Both Sudan and South Sudan have seen long queues as motorists tried to stock up on petrol in the past week. Four filling stations in Juba visited by Reuters had run out of fuel on Sunday.
In Khartoum, rumours have spread the government may have to cut fuel subsidies after losing Heglig despite official assurances the state has enough reserves to handle the crisis.
Food prices are another worry. The loss of foreign currency from oil revenues has driven up the cost of imports, especially in South Sudan, where staples such as rice and tomatoes are trucked in at a premium from Kenya and Uganda.

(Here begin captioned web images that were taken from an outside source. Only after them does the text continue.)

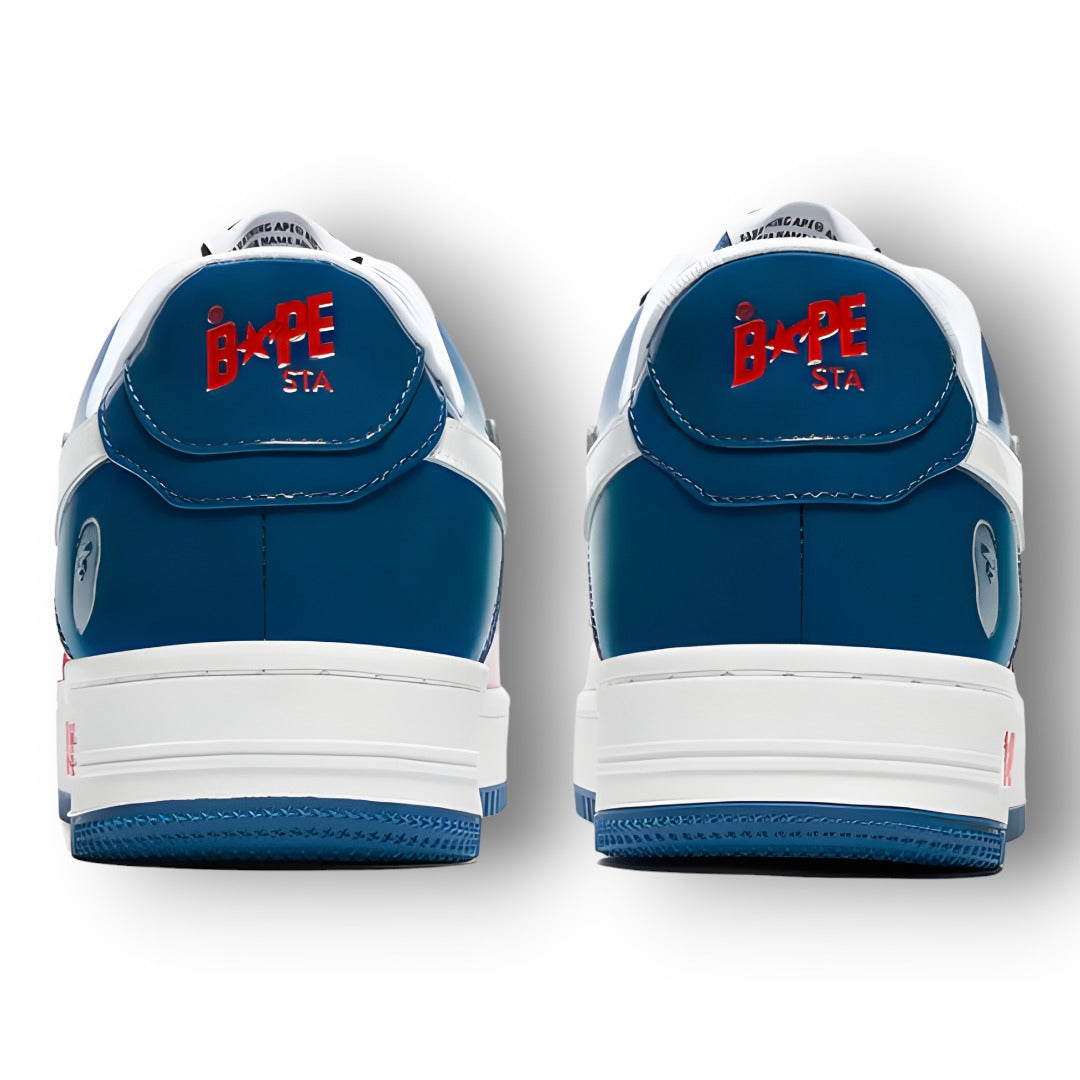 APE ''FRANCE''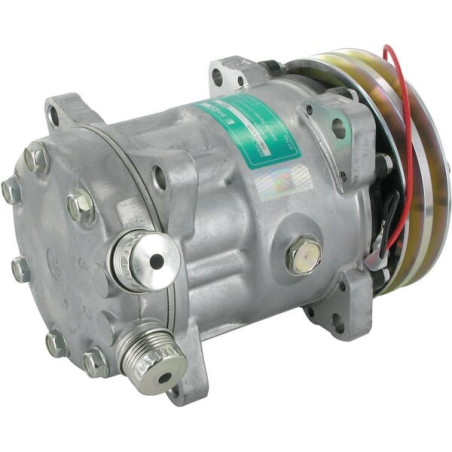 Compresseur SANDEN KL000041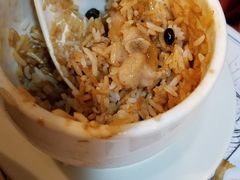 -点点心点心专门店(旺角店)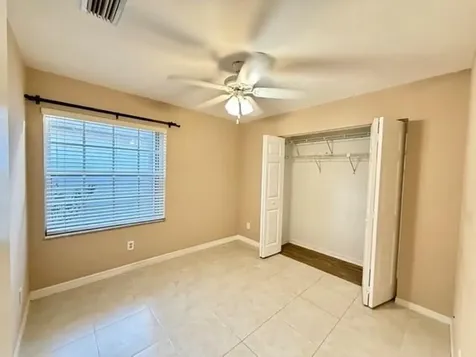 3608 Coco Lake Drive Coconut Creek FL 33073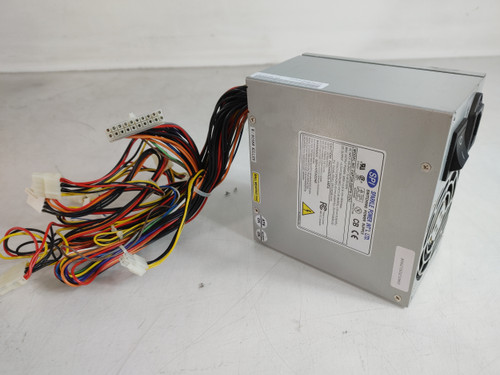 Sparkle FSP300-60PFN 300 W 20 Pin ATX Industrial Desktop Power Supply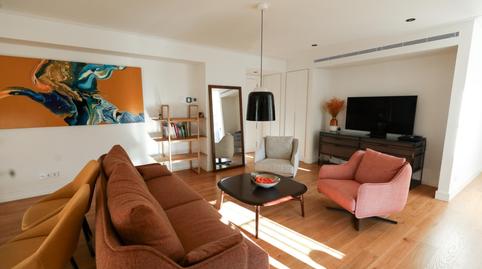 Photo 2 of Apartment for sale in  Eixample, Dreta de l'Eixample, Barcelona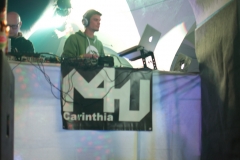 mixmash 2015 85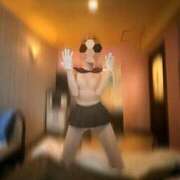 ヒメ日記 2025/11/20 17:03 投稿 かなこ奥様【VIP】 金沢の20代30代40代50代が集う人妻倶楽部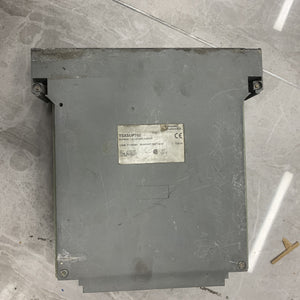 Schneider Electric Telemecanique TSXSUP702 Power Supply Module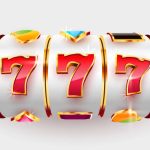 Top Games You Can Play at a New Online Casino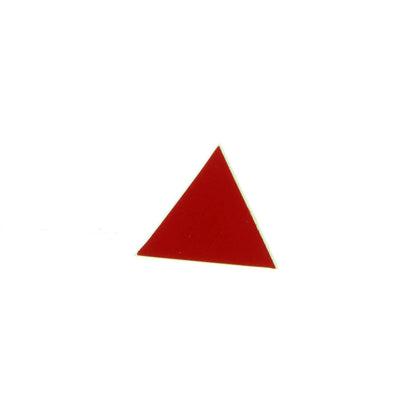 Shifter Pointer Decal for Sea-Doo Jet Boat (204900138)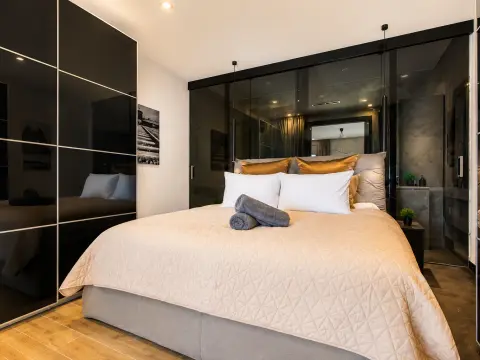 4 bed Villa For Sale in Ghajnsielem, Gozo, Ghajnsielem, Gozo - thumb 16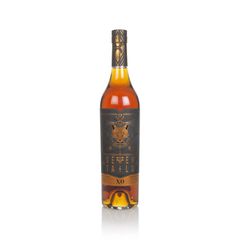 Seven Tails XO Brandy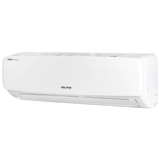 VOLTAS Vertis Elite 5 in 1 Convertible 1 Ton 3 Star Inverter Split AC with 4-Way Swing (2023 Model, Copper Condenser, 123V Vertis Elite Marvel)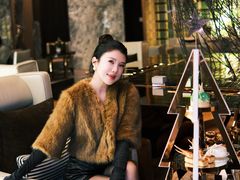 -北京康莱德酒店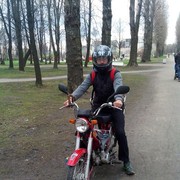  -,   , 46 ,     , c 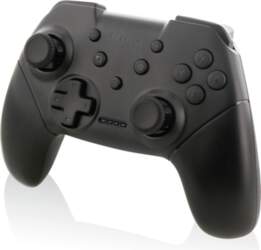 Nyko - Mini Wireless Core Controller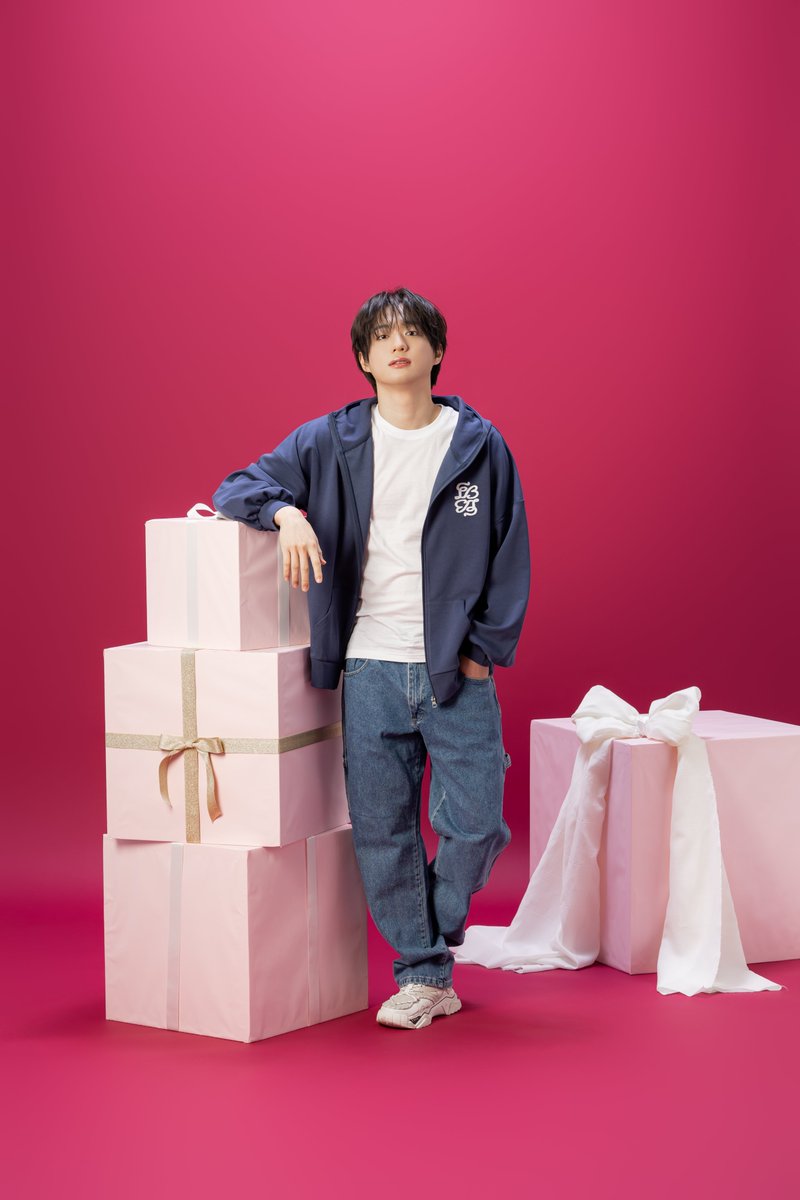 福本大晴 (@Taisei_F10) / Posts / X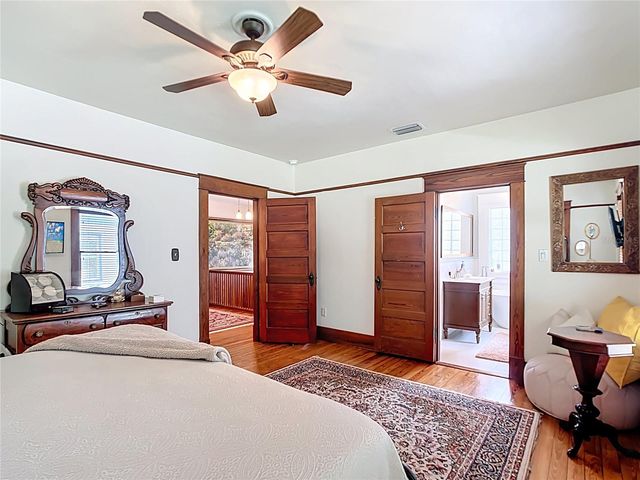 705 SE 5TH STREET, Ocala, FL 34471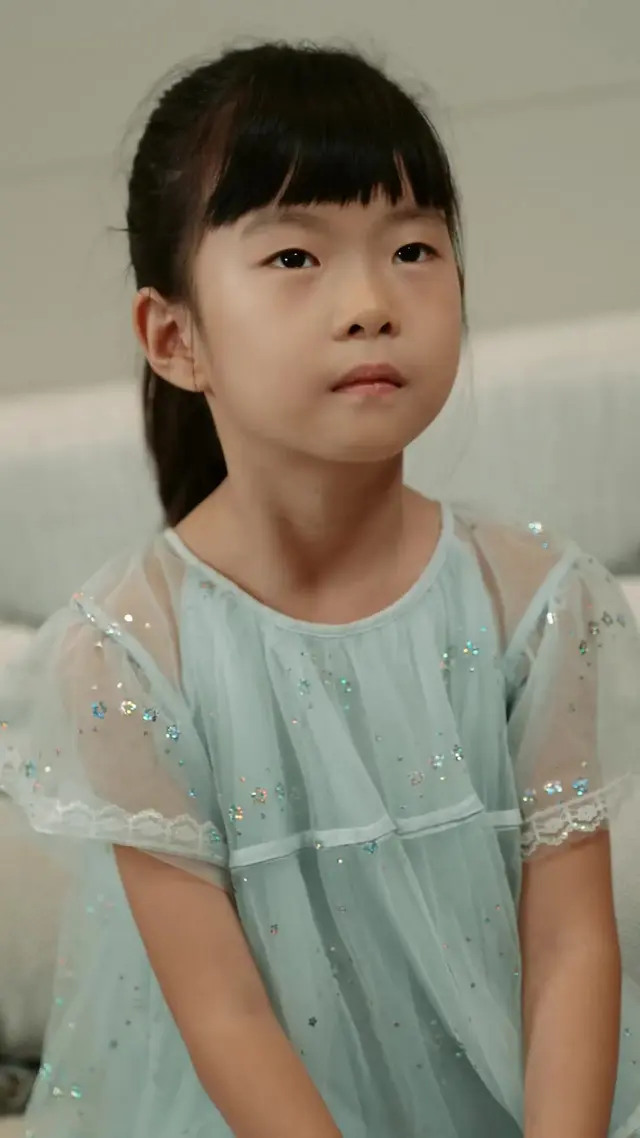 Episode 18 of 都市全能奶爸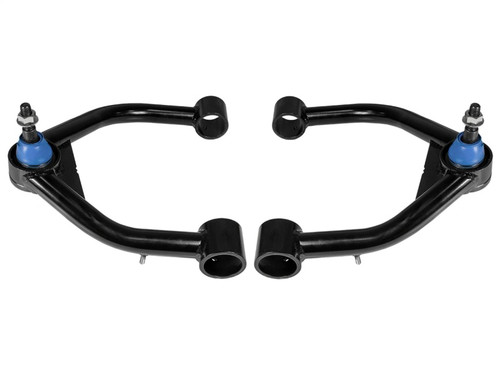 Tuff Country Ball Joint Upper Control Arms for Chevy Silverado/GMC Sierra 1500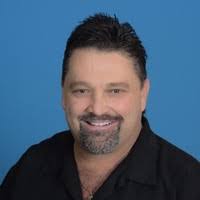 NDL Group, Inc. Management Team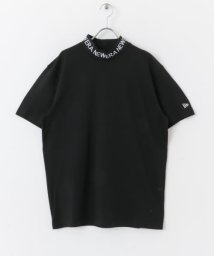 URBAN RESEARCH Sonny Label/New Era　GFW SHORT－SLEEVE MID－NECK T－SHIRTS/506020532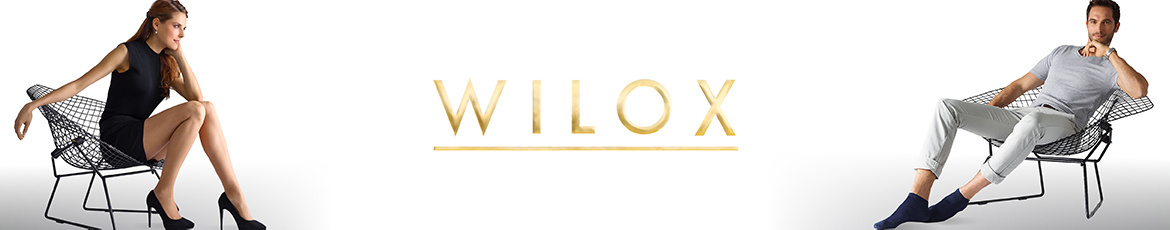 wilox-slider-hw21-57270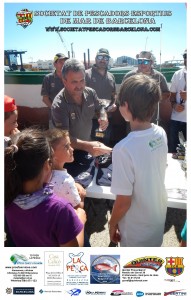 80e_concurs_infantil_2017_58_(www.societatpescadorsbarcelona.com)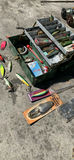 Fishing Lot 1 - thumbnail 18 of 21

Any halt or delay in state salaries could also make it harder for either side to keep its government functioning.
In Bor, capital of South Sudan’s Jonglei state, a government worker this month said his ministry’s budget for cleaning, water and other services had already been halved under government austerity measures.
“It’s not a problem, of course. When it touches salaries, this is where the problem comes in,” he said.
There are similar risks in the north. One Sudanese economic expert with political ties estimates three quarters of the budget goes to Sudan’s military, security forces and high-level officials. If true, that does not leave much room to trim spending without hitting sensitive areas.
“The government is unable to get us out of this miserable situation,” the expert said. But he said a bloody political transition could lead to a “Somalia situation”, and fear of chaos like that affecting the Horn of Africa failed state could deter many Sudanese from rising up.